郵便切手の金額は裁判所によって異なりますが、おおむね3000円程度、収入印紙は1000円分が必要です。
例)さいたま地裁:収入印紙1000円、郵便切手合計3168円(内訳:500円×3枚、290円×2枚、100円×4枚、84円×4枚、50円×4枚、20円×4枚、10円×4枚、5円×4枚、2円×4枚、1円×4枚)
③口頭弁論・審尋
保護命令は、原則として、口頭弁論又は相手方が立ち会うことができる審尋の期日を経なければ、発令することができません(DV防止法14条1項)。
裁判所は、即日か申立日に近接する日に申立人と面接し、その約1週間後、相手方の意見聴取のための審尋期日を指定することが多いです。

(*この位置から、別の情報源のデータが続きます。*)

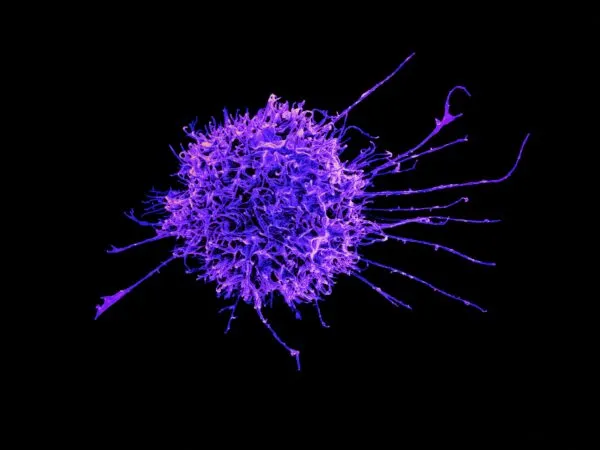 Paclitaxel provoca una respuesta mecánica inesperada en células tumorales durante una investigación sobre resistencia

審尋期日では、申立書に記載された過去の暴力等の内容や現在の危険に関する事情等が聴取されることになります。
④接近禁止命令の発令
裁判所は、当事者双方に対して行った審尋の結果、事前に相談していたDVセンターや警察等の機関からの回答、申立人から提出された書証等を総合考慮し、保護命令の申立てを認容するか否かを判断します。
裁判所の決定は、申立書が受理された日から1週間~10日以内に発令されることがほとんどです。
なお、保護命令の申立てに対する裁判所の決定に不服がある場合は、即時抗告をすることができます(DV防止法16条1項)。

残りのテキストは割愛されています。